■ **Required action**:
Copy without pictures. Please restate each line of the listing exactly.
=== Section Start ===
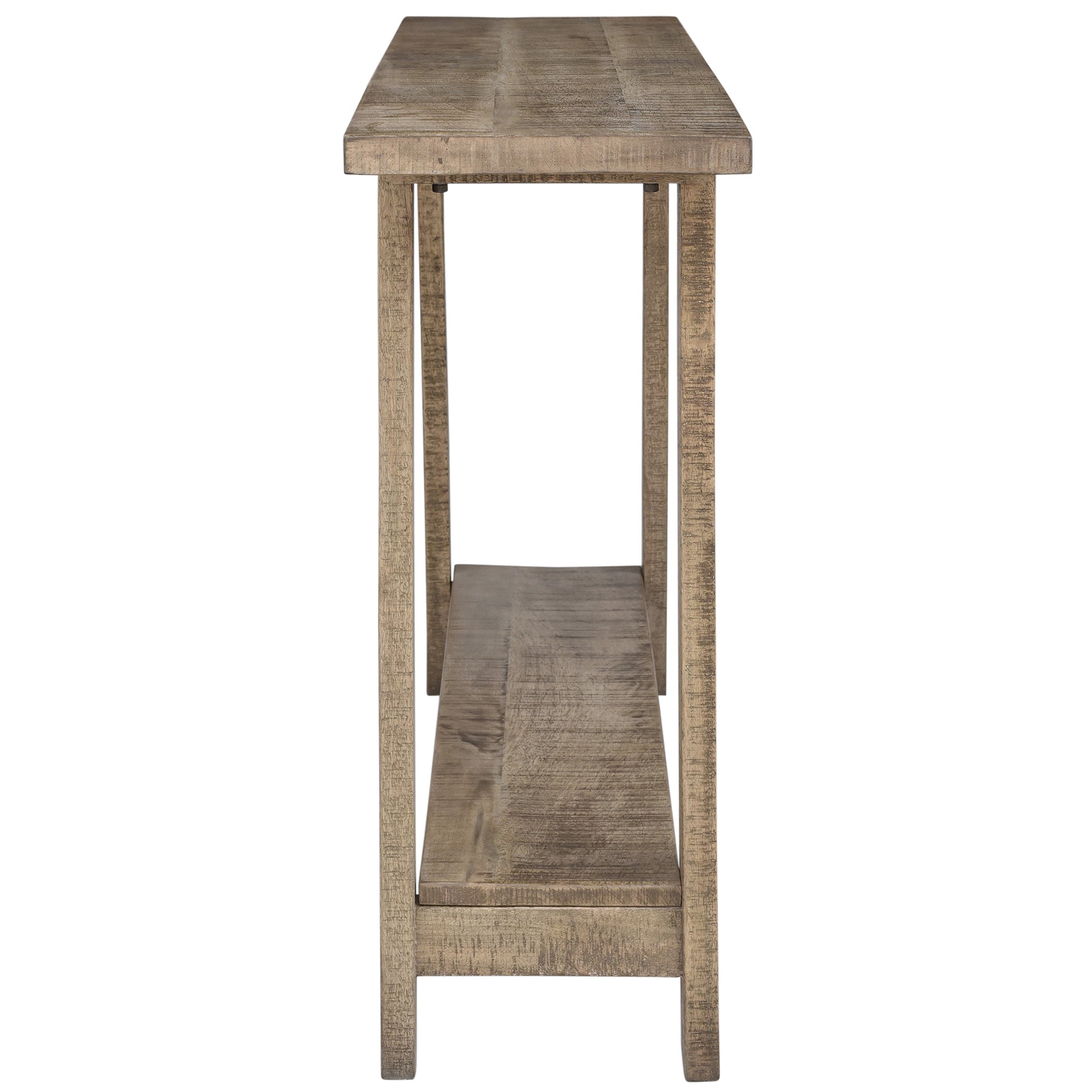 Volsa Reclaimed Mango Wood Console Table - 2-Tier Rustic Modern-DECOROLALA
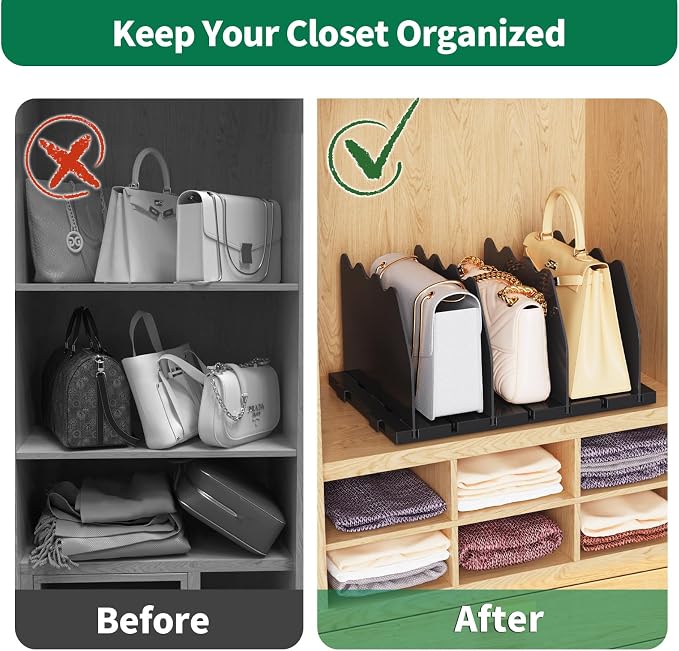 SPACEKEEPER Shelf Divider for Closet, Adjustable Purse Organizers Handbag Separators Storage Organizer Bookshelf Separator Dividers in Bedroom Office Kitchen Bathroom, Black
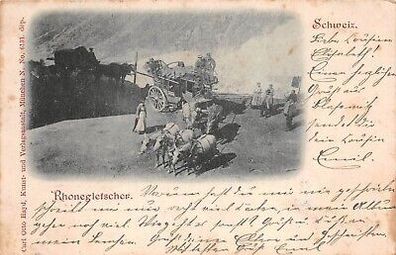 Schweiz Rhonegletscher Postkarte AK 1904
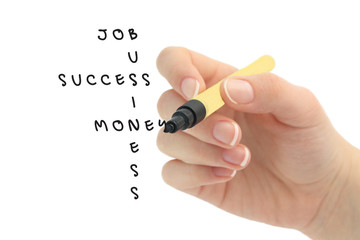 crossword puzzle with positive business words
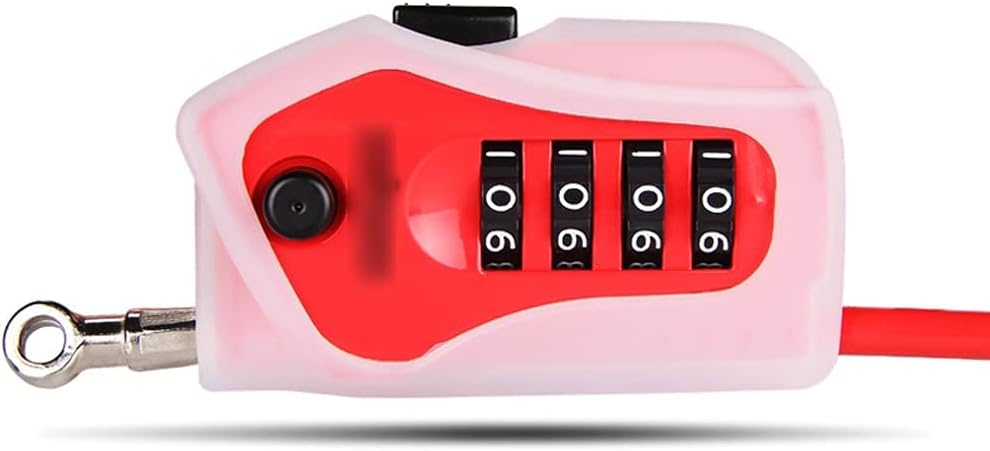 Bicycle Cable Lock Ski Motorcycle Locks Bike Anti Theft 4 Digit Password Helmet Wire-Lock (Color : Red) (Blue)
=== Section End ===
■ **Output for this task**:
 Volsa Reclaimed Mango Wood Console Table - 2-Tier Rustic Modern-DECOROLALA
 SPACEKEEPER Shelf Divider for Closet, Adjustable Purse Organizers Handbag Separators Storage Organizer Bookshelf Separator Dividers in Bedroom Office Kitchen Bathroom, Black
 Schweiz Rhonegletscher Postkarte AK 1904
 crossword puzzle with positive business words
 Bicycle Cable Lock Ski Motorcycle Locks Bike Anti Theft 4 Digit Password Helmet Wire-Lock (Color : Red) (Blue)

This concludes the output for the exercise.